Wow the baratza looks like toy after looking at the ruggedness of the jolly......looks very plastic.....are they known to last?


----------



## Wuyang (Mar 21, 2014)

So....baratza.......a knock grinder or lido......,,,,,, so for one drink a day either a clever dripper...French press or moka pot......mmmm which to go for.

Encore looks like it's made of cheese....so think maybe a knock......given the lido was a pain to loosen the grind adjuster......although I did like its ruggedness


----------



## BaggaZee (Jun 19, 2015)

Curious, why wouldn't the SJ work for brewed?


----------



## Wuyang (Mar 21, 2014)

BaggaZee said:


> Curious, why wouldn't the SJ work for brewed?
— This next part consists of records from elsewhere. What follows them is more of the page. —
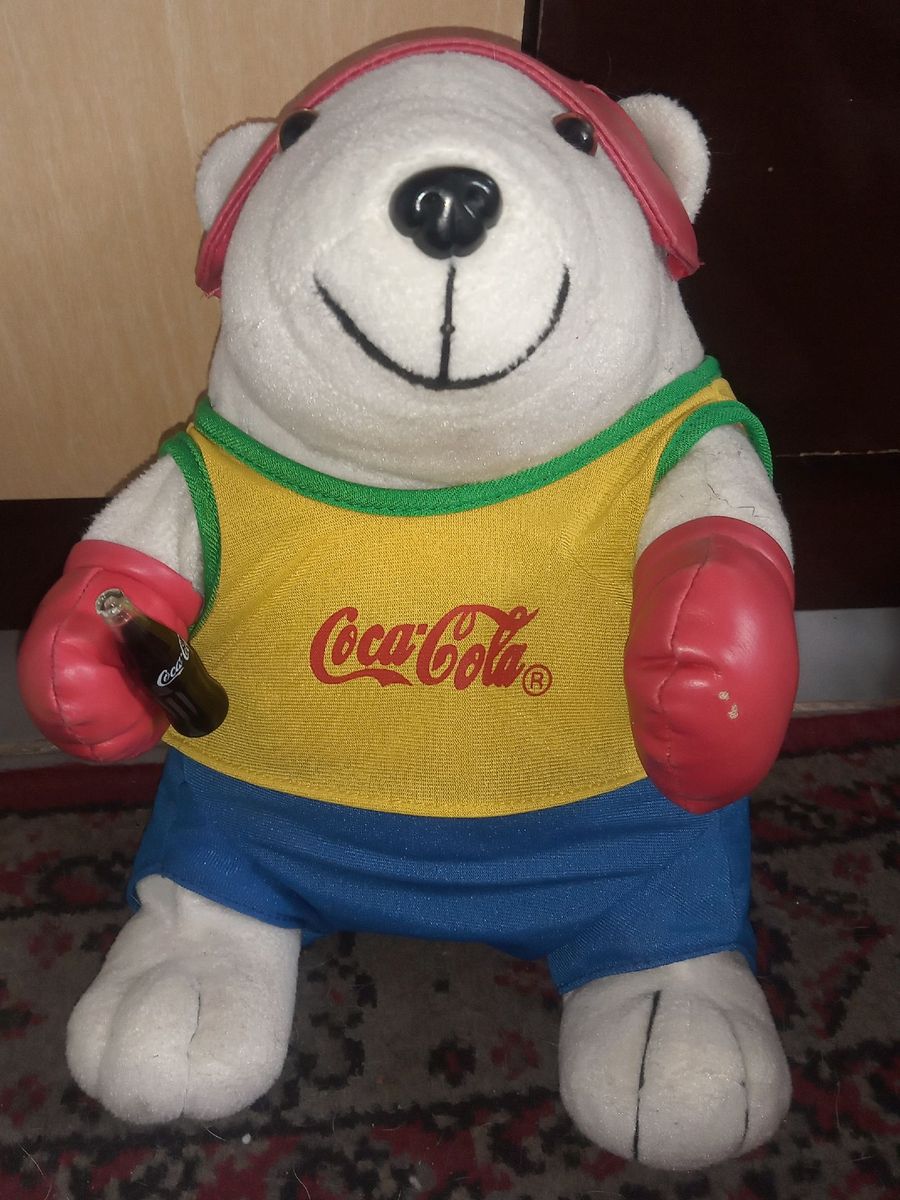 Pelúcia Urso Polar Boxe Coca Cola Produto Vintage e Retro Coca Cola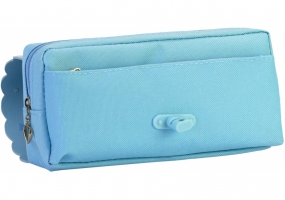 Пенал на 2 отделения с брелоком COOLFORSCHOOL CF6966-rose CF7473-blue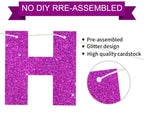 BEISHIDA Purple Happy Birthday Banner – Pre-Strung, No DIY, Gold Foil Edges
Im wondering how much improvement I'll see if I go down the feldgrind route......mmmm not too sure, I'll say one thing I'm in two minds as to sell or not because the last two cups in the clever dripper ( I tend to do 200g water than top up with hot milk) have been great.


----------



## MWJB (Feb 28, 2012)

I tend to grind on the overlap between fine drip & espresso for Clever, so I don't see why the SJ would struggle with that.


----------



## Wuyang (Mar 21, 2014)

MWJB said:


> I tend to grind on the overlap between fine drip & espresso for Clever, so I don't see why the SJ would struggle with that.


Im not too sure on grinds as such, but I know what espresso is, so I've got some sort of guide by that,,, I was doing clever by setting the grinder to what I had watched on "Sweet Maria's coffee" YouTube, courser that espresso, not a bad video. I can't grumble at what it's doing let's put it that way...







.


----------



## tdmr (Nov 18, 2016)

I have some mazzers (sj, stark, royal), and now also have a mahlkönig guatemala. For me there is absolutelly no doubt: the mazzers are perfect for espresso, but for brewed coffee they have no chance against the mk guatemala. It is realy superior against the mazzers.

The problem of the espresso grinders are the fines. You can see and taste it very god with a french press.

With an aeropress, both grinders work, but for me the guatemala tastes a lott better


----------